Bacteria Make a Living Breathing the Nitroheterocyclic Insensitive Munitions Compound 3‑Nitro-1,2,4-triazol-5-one (NTO)
journal contributionposted on 2021-04-09, 19:38 authored by Camila L. Madeira, Osmar Menezes, Doyoung Park, Kalyani V. Jog, Janet K. Hatt, Savia Gavazza, Mark J. Krzmarzick, Reyes Sierra-Alvarez, Jim C. Spain, Konstantinos T. Konstantinidis, Jim A. Field
The nitroheterocyclic 3-nitro-1,2,4-triazol-5-one (NTO) is an ingredient of insensitive explosives increasingly used by the military, becoming an emergent environmental pollutant. Cometabolic biotransformation of NTO occurs in mixed microbial cultures in soils and sludges with excess electron-donating substrates. Herein, we present the unusual energy-yielding metabolic process of NTO respiration, in which the NTO reduction to 3-amino-1,2,4-triazol-5-one (ATO) is linked to the anoxic acetate oxidation to CO2 by a culture enriched from municipal anaerobic digester sludge. Cell growth was observed simultaneously with NTO reduction, whereas the culture was unable to grow in the presence of acetate only. Extremely low concentrations (0.06 mg L–1) of the uncoupler carbonyl cyanide m-chlorophenyl hydrazone inhibited NTO reduction, indicating that the process was linked to respiration.

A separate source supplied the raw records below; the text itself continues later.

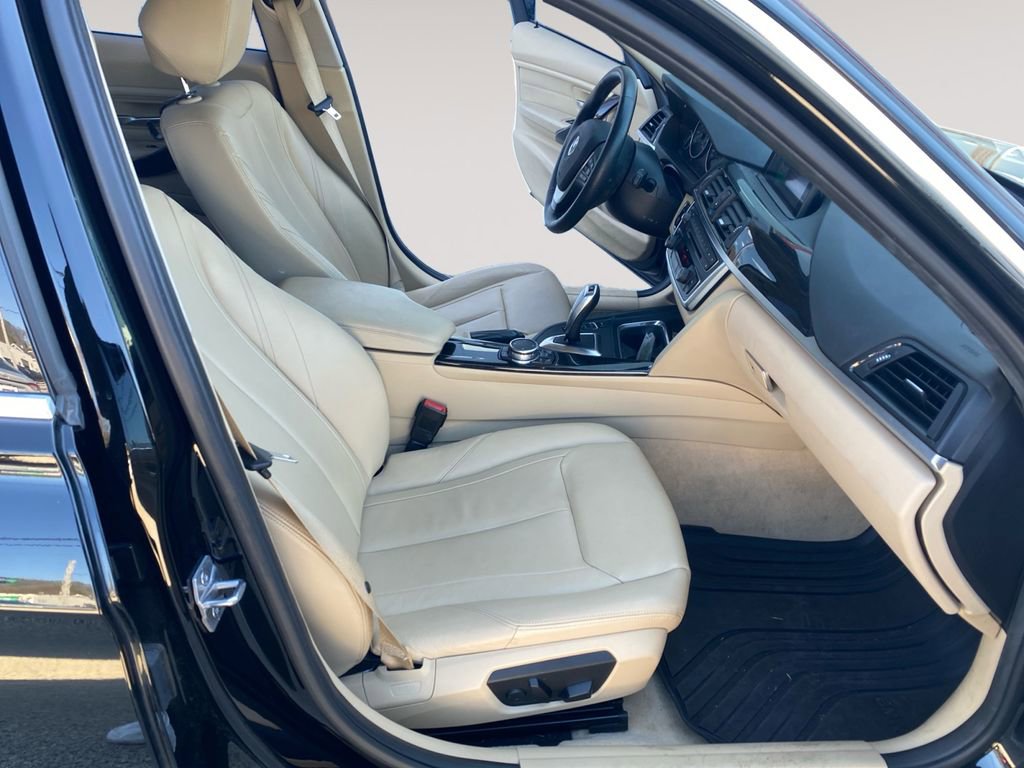 Used 2015 BMW 328i xDrive Sedan image 9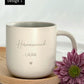 Keramiktasse mit personalisierter Namensgravur, befüllt mit Kaffee – auf Tablett serviert. Beige Tasse mit matter Oberfläche und 360 ml Volumen, perfekt für den Start in den Tag. Geschenk für Kolleg:innen, Freund:innen oder Familie, ideal für Abschied oder als kleine Überraschung. Zeitloses Design, langlebig, spülmaschinengeeignet, liebevoll graviert und dekorativ. Steingut Tasse . Geschenk für Herzensmensch und Lieblingsmensch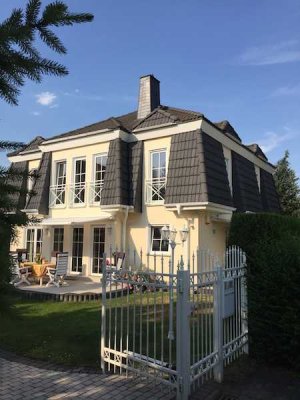 Luxuriöses Villenanwesen mit einzigartigem Charme in begehrter Lage von Königstein-Schneidhain!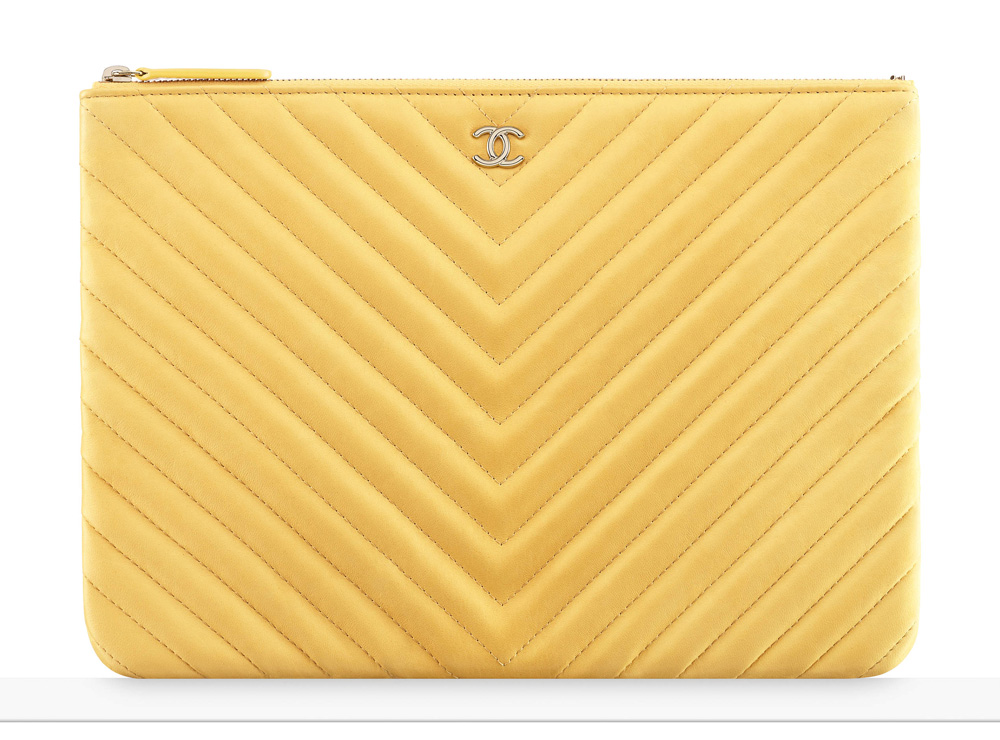 chanel-pouch-yellow-1000
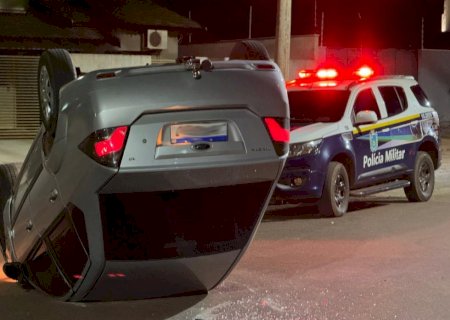 IVINHEMA: Acidente envolvendo três veículos deixa carro capotado no Bairro Itapoã
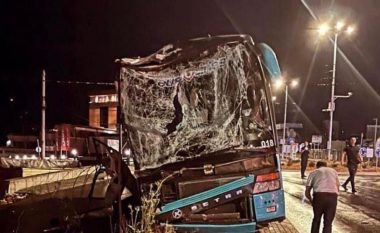 Aksidentohet një autobus në rrugën Gjilan-Ferizaj, tre të lënduar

The ultimate evidence of NTO respiration was adenosine triphosphate production due to simultaneous exposure to NTO and acetate. Metagenome sequencing revealed that the main microorganisms (and relative abundances) were Geobacter anodireducens (89.3%) and Thauera sp. (5.5%). This study is the first description of a nitroheterocyclic compound being reduced by anaerobic respiration, shedding light on creative microbial processes that enable bacteria to make a living reducing NTO.